Une œuvre grave, profonde où le grand Rothko (Markuss Rotkovics, lui aussi hanté par le témoignage) se fait sentir comme s'y fait sentir un peu, de loin, Pierre Soulages. Mais si le géant aveyronnais est hanté par l'outre-noir, Charles Goldstein, lui, raconte l'outre-tombe.

L’éternelle jeunesse des porteurs de mémoire

À 86 ans donc, comme marqué par le syndrome de l'éternelle jeunesse des survivants et des porteurs de mémoire, Charles Goldstein, et son épouse Clara, elle aussi tant éprouvée par le génocide, ont décidé de confié leur superbe demeure historique de Maincy (ancienne métairie de Vaux-le-Vicomte) et l'ensemble de l'œuvre peint accumulé, au Département de Seine-et-Marne. Sans héritiers en mesure de gérer ce legs inestimable, ils ont choisi la donation : « Pour que tout cela serve aux générations futures, sans dispersion et, pour encore et toujours porter témoignage », explique Charles Goldstein. Le lieu pourra devenir musée départemental, maison d'artiste, lieu de médiation et résidence de créateur.

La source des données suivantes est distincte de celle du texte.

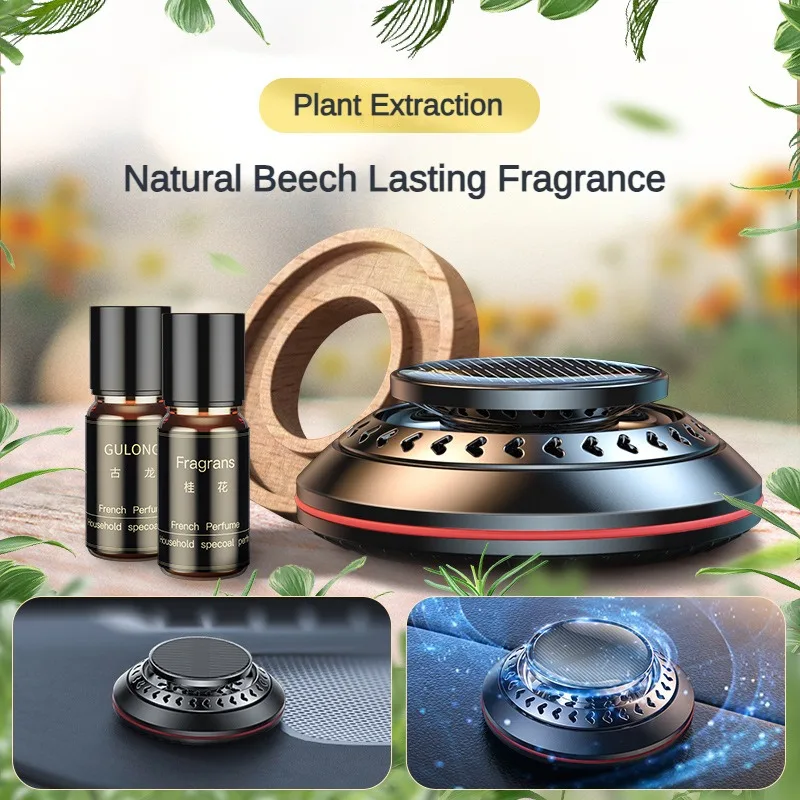 Perfume Fragrance Types - Car perfume solar-powered suspended rotating aromatherapy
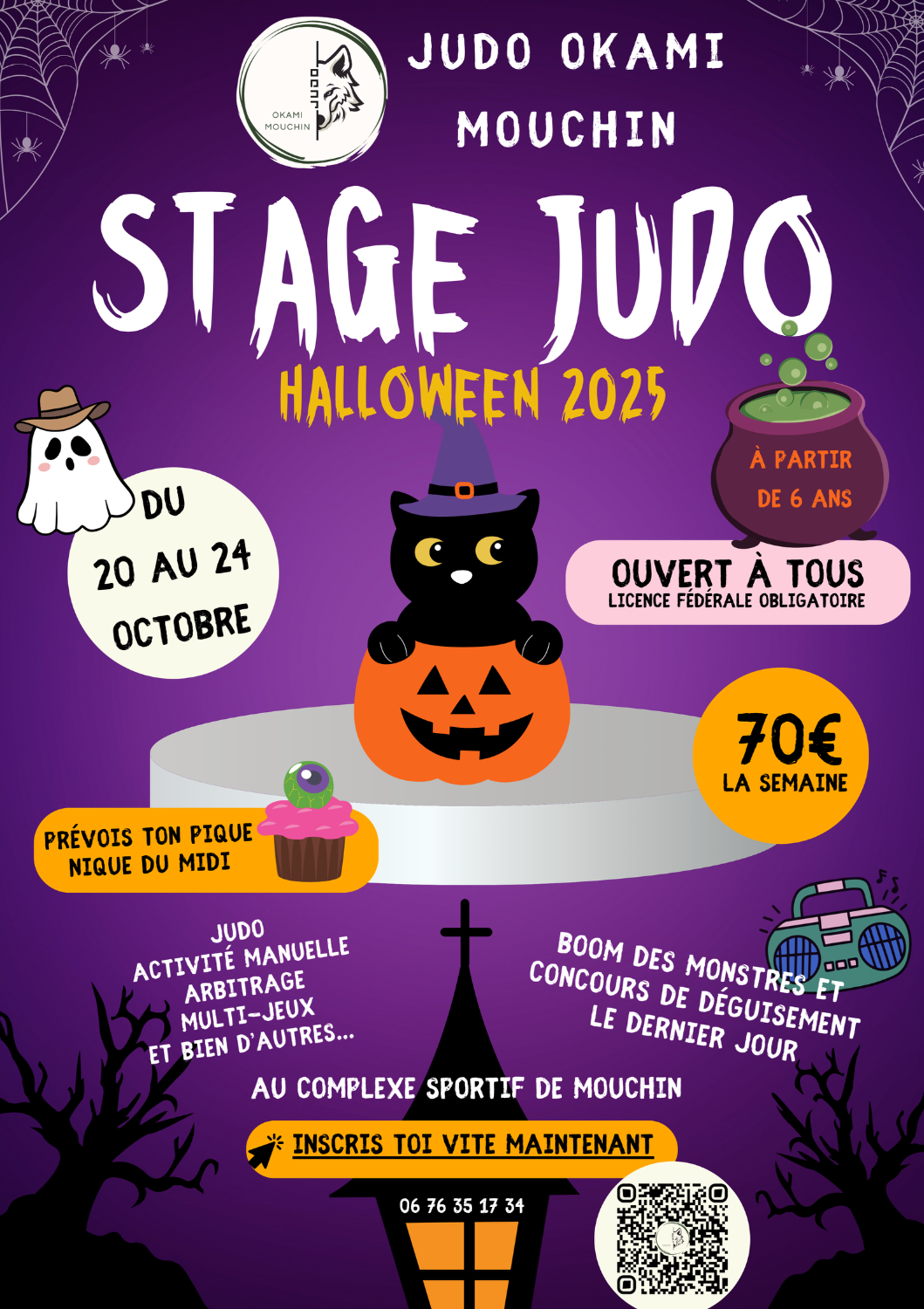 Stage Judo vacances Octobre 2025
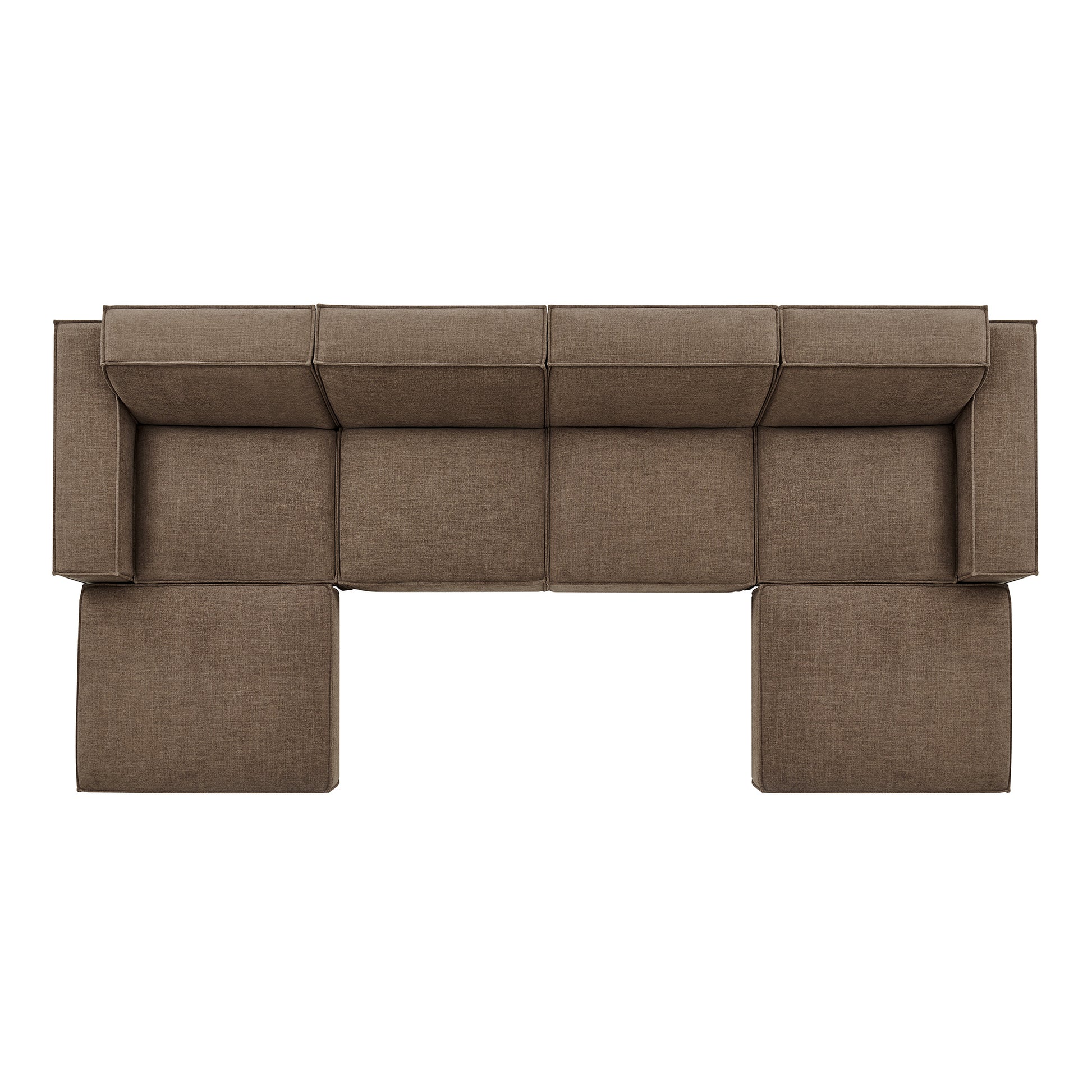 Restore 6-Piece Performance Fabric Upholstered Modular Sectional Sofa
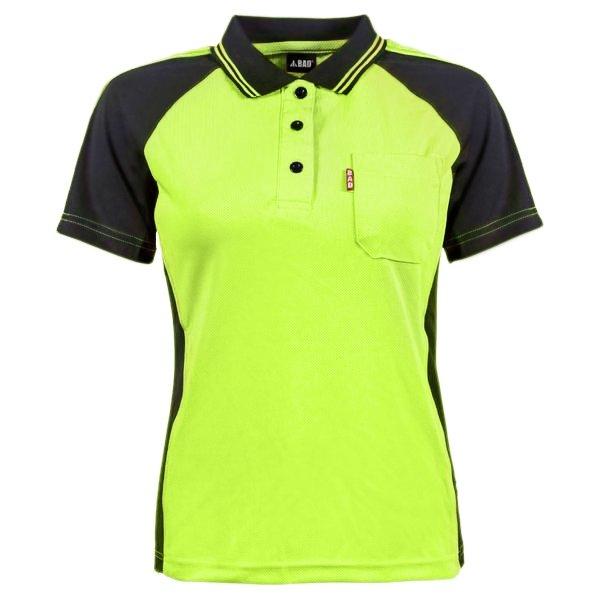 HVWMNY_Bad_Womens-Yellow-Hi-Vis-Polo-Shirt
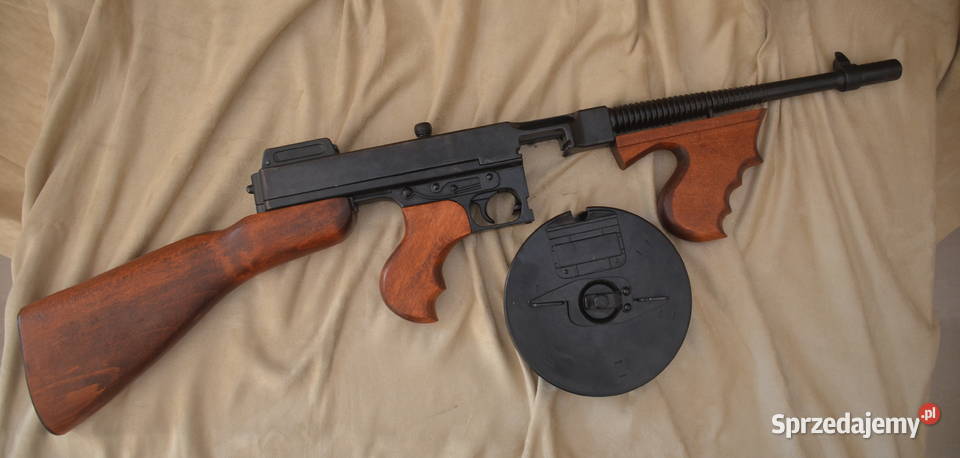 Thompson 1928 Replika broni Al Capone maszynowy Środa Wielkopolska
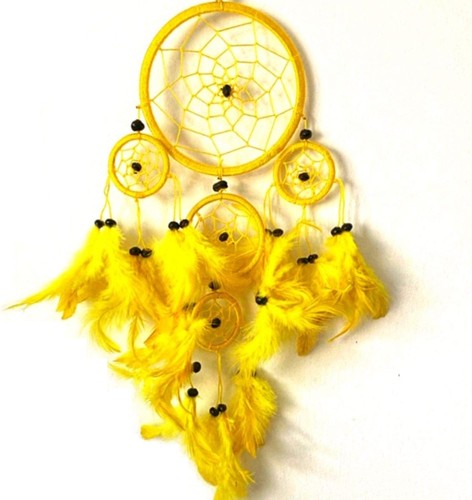 Yellow round dream - dream, catcher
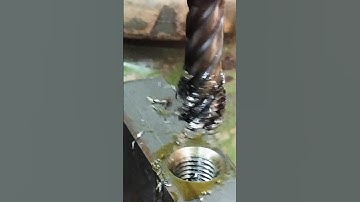 TAP Threading using tapping machine  || thread Taping M36 #machine #shorts#tech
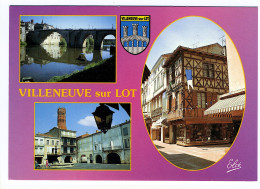 Carte Multivues - VILLENEUVE-SUR-LOT - Autres & Non Classés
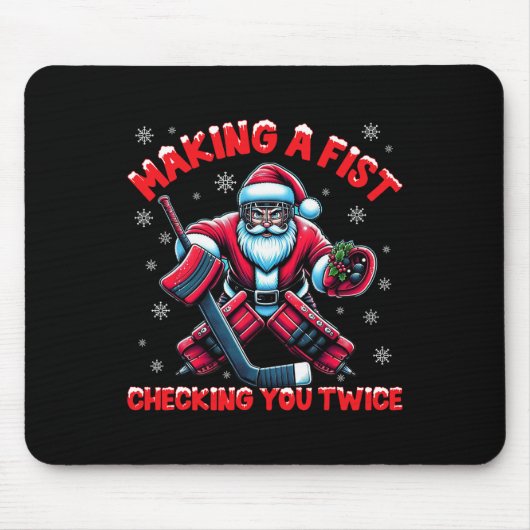Eine Faust machen, dich zweimal überprüfen, Eishoc Mousepad (Vorne)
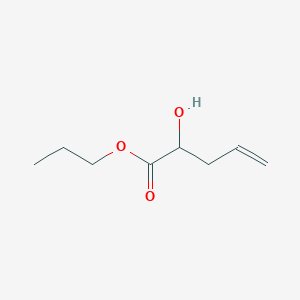 molecular formula C8H14O3 B12624880 Propyl 2-hydroxypent-4-enoate CAS No. 922160-45-0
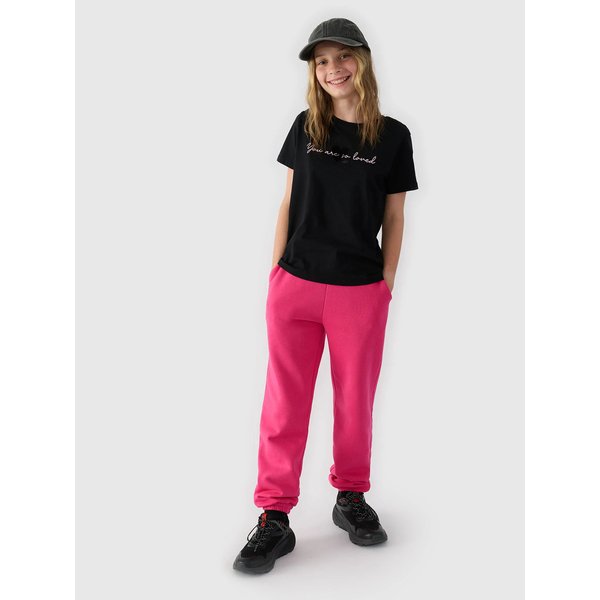 Koszulka dziewczęca TTSHF1545 4F - głęboka czerń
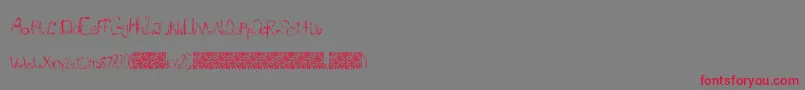 SimpleLucky Font – Red Fonts on Gray Background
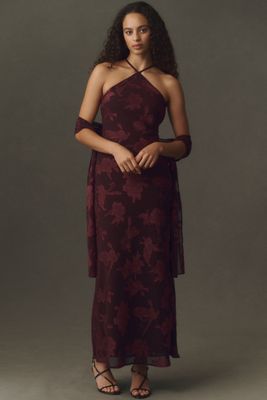 Hutch Burnout Scarf Slip Dress
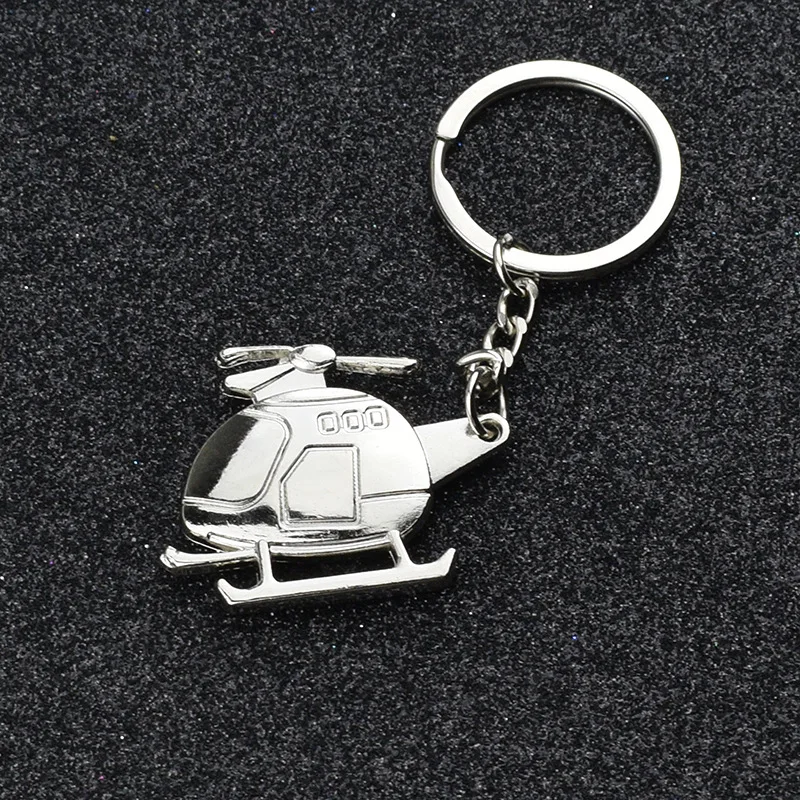 Metal Model Airplane Aircraft Key Chains For Women Men Charm Pendants Car Keyring Airliners Helicopter Jewelry Gift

Aujourd'hui, c'est un moment fort qui marquera l'histoire du département de Seine-et-Marne. Il y a des hommes et des femmes, comme Charles et Clara Goldstein, qui nous marquent plus que d'autres car ils sont extraordinaires.

Jean-François Parigi, Président du Département de Seine-et-Marne

Focus

La donation a été signée le jeudi 25 janvier à l'Hôtel du Département par Jean-François Parigi, Charles et Clara Goldstein.

La donation, réalisée avec réserve d’usufruit, comprend un patrimoine immobilier, situé à Maincy, la « Ferme de la Bordière », évaluée à 500 000 €, et une collection d’environ 500 toiles estimée à plus d’1,5 millions d'euros. Le Département s’engage en contrepartie à perpétuer la mémoire de l’artiste et à transmettre aux générations futures un héritage, non seulement artistique, mais surtout mémoriel.

Ainsi, le projet de la « Ferme de la Bordière », lieu d’Art et de mémoire, prendra sa place dans la politique culturelle et patrimoniale du Département, complétant l’offre muséale actuelle avec une résidence d’artistes et un lieu de rencontres et de médiation pour tous les publics.

megaphone

Une exposition est organisée par le Département de Seine-et-Marne à partir 25 janvier à l'Hôtel du Département, dans le cadre des commémorations de la journée de la mémoire des génocides et la prévention des crimes contre l'humanité qui a lieu le 27 janvier (date anniversaire de la libération d'Auschwitz). À cette occasion, des élèves de 3ea du collège Les Capucins ont été présents au vernissage et ont échangé avec Charles Goldstein.